Nah, begitulah: Skuad Inggris untuk Piala Dunia 2026 telah dikonfirmasi dan akan tercatat sebagai salah satu skuad paling kontroversial sepanjang masa. Manajer Thomas Tuchel telah menegaskan sejak awal bahwa ia tidak segan-segan membuat kontroversi dengan keputusannya, dan ia tetap setia pada janjinya dengan pemilihan pemain yang memecah belah dalam upaya terbaru The Three Lions untuk mengakhiri penantian yang menyiksa demi trofi besar pertama sejak 1966.
Berbagai bocoran mengenai para pemain yang terlewatkan dalam 24 jam menjelang pengumuman resmi skuad pada Jumat pagi membuat banyak orang bertanya-tanya siapa saja yang benar-benar masuk dalam daftar, namun, melalui penalaran, akhirnya menjadi jelas siapa saja yang dimasukkan oleh pelatih asal Jerman itu ke dalam rombongan yang akan berangkat.
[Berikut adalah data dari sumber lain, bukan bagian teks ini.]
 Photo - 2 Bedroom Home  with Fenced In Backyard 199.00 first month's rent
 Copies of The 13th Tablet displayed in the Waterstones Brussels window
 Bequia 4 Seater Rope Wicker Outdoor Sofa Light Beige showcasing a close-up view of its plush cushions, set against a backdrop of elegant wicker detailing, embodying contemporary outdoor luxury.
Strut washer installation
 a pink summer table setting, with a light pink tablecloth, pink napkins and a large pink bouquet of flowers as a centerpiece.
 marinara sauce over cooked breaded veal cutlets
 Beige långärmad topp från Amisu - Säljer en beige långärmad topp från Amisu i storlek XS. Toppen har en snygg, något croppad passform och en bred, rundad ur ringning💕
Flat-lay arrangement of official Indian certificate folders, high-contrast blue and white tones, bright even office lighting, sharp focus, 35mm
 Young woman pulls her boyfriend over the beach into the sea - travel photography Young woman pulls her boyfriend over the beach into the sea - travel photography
Dengan teguh berpegang pada prinsipnya bahwa ‘tim lebih penting daripada bakat’, sejumlah nama besar dan beberapa pemain lain yang tampaknya layak mendapat tempat dalam skuad telah dengan kejam ditinggalkan dari daftar yang terdiri dari 26 pemain, yang memicu reaksi keras di dunia maya dan media.
“Apa yang kami coba capai sebagai tim dan kami berusaha menyusun skuad yang seimbang,” kata Tuchel dalam konferensi pers saat membela keputusannya yang kontroversial. “Jika semua pemain dipilih, sudah pasti dari 55 pemain ini, kami harus meninggalkan beberapa talenta luar biasa dan kepribadian luar biasa di rumah. Bagaimanapun, jika kami memilih semua nama itu, beberapa nama besar lainnya akan tereliminasi dan kita akan membicarakan nama-nama tersebut. Itu bagian dari pekerjaan.”
Namun, tak dapat dipungkiri bahwa jika Inggris mengalami kegagalan di Amerika Utara musim panas ini dan gagal mencapai target mereka untuk memenangkan Piala Dunia, momen ini akan dianggap sebagai titik awal di mana segalanya mulai berantakan.